**Records from a dataset**
BEGIN
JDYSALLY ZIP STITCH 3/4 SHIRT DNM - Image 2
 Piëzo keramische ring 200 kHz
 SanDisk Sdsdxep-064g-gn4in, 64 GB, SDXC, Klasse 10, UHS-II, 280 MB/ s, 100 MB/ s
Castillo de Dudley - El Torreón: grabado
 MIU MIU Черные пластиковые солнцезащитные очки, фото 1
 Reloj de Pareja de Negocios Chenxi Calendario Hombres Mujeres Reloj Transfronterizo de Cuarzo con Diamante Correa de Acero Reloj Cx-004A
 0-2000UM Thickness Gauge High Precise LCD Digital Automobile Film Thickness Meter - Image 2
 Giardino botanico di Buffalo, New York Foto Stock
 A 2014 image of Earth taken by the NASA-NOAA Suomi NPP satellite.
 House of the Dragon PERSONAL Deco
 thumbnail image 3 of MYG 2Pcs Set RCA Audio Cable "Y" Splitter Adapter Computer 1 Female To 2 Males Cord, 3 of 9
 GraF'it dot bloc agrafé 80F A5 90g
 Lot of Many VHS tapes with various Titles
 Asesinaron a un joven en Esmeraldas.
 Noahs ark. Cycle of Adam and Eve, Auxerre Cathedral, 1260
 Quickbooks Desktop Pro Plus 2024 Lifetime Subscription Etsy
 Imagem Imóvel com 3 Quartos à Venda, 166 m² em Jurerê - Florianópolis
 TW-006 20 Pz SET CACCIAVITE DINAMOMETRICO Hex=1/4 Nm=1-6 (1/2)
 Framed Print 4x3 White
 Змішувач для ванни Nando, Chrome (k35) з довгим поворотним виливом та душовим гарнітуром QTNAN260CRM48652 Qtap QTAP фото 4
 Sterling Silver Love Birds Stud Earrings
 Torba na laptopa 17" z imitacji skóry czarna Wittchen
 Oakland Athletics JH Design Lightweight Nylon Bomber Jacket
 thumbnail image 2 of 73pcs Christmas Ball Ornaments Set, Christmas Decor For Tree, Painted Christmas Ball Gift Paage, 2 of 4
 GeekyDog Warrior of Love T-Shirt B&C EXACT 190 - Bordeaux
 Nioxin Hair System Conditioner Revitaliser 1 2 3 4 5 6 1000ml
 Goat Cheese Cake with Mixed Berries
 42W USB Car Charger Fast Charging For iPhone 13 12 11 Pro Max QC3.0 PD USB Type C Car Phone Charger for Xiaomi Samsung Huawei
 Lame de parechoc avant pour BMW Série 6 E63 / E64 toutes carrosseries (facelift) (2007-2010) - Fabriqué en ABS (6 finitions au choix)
END
**YOUR ASSIGNMENT**
Search the data above for the word "Love" and count the lines where it appears. Only the number should be given.

**RESPONSE BOX**
2